Phase 2 Study of Autologous Followed by Nonmyeloablative Allogeneic Transplantation Using TLI & ATG
Transplantation, Homologous, Transplantation, Autologous, Multiple Myeloma
About this trial
This is an interventional treatment trial for Transplantation, Homologous
Eligibility Criteria
PARTICIPANT INCLUSION CRITERIA
- Stage II-III multiple myeloma or have progression after initial treatment of Stage I disease (Durie Salmon Staging). Patients with plasma cell leukemia are also included.
- Multiple myeloma / plasma cell leukemia diagnosis confirmed by pathology reviewed at Stanford University Medical Center.
- 18 to ≤ 75 years of age
- Karnofsky Performance Status > 70%.
- Corrected Carbon monoxide diffusing capacity (Dlco) > 60%
- Left ventricle ejection fraction (LVEF) > 50%.
- Alanine aminotransferase (ALT) ≤ 2 x normal
- Aspartate aminotransferase (AST) ≤ 2 x normal
- Total bilirubin ≤ 2 mg/dL, unless hemolysis or Gilbert's disease.
- Estimated creatinine clearance > 50 mL/min.
- Identified related or unrelated Human leukocyte antigen (HLA)-identical donor or donor with one antigen/allele mismatch in (HLA-A, B, C or DRB1).

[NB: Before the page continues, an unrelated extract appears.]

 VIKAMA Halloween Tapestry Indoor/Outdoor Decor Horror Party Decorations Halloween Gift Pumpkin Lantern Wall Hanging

- Signed informed consent.
DONOR INCLUSION CRITERIA
- At least 17 years of age
- HIV-seronegative
- Must be capable of giving signed, informed consent
- No contraindication to the administration of filgrastim
- Willing to have a central venous catheter placed for apheresis if peripheral veins are inadequate
PARTICIPANT EXCLUSION CRITERIA
- Prior allogeneic hematopoietic cell transplantation
- Uncontrolled active infection
- Uncontrolled congestive heart failure or angina
- HIV-positive
- Pregnant or nursing
DONOR EXCLUSION CRITERIA
- Serious medical or psychological illness
- Pregnant or lactating
- Prior malignancies within the last 5 years except for non-melanoma skin cancers
Sites / Locations
- Stanford University School of Medicine
Arms of the Study
Arm 1
Experimental
Autologous-Allogeneic Peripheral Blood Stem Cell Transplant
Study treatment is a high-dose sequential chemotherapy approach to hematopoietic stem cell (HSC) transplant that uses an autologous peripheral blood stem cell (auto-PBSC) transplant followed by allogeneic peripheral blood stem cell (allo-PBSC) transplant to evaluate improved graft vs host disease (GvHD) control. Participant auto-PBSC are mobilized with cyclophosphamide (also to provide cytoreduction) and filgrastim, followed by melphalan as an auto-PBSC conditioning agent, then auto-PBSC infusion. For the allo-PBSC transplant, donors are mobilized with filgrastim, and participants receive a regimen of total lymphoid irradiation and anti-thymocyte globulin (TLI/ATG), followed by infusion of donor allo-PBSC. Solumedrol, diphenhydramine, acetaminophen, and hydrocortisone are administered as premedications, and rabbit anti-thymocyte globulin (ATG) plus mycophenolate mofetil (MMF) are administered for post-allo-PBSC immunosuppression.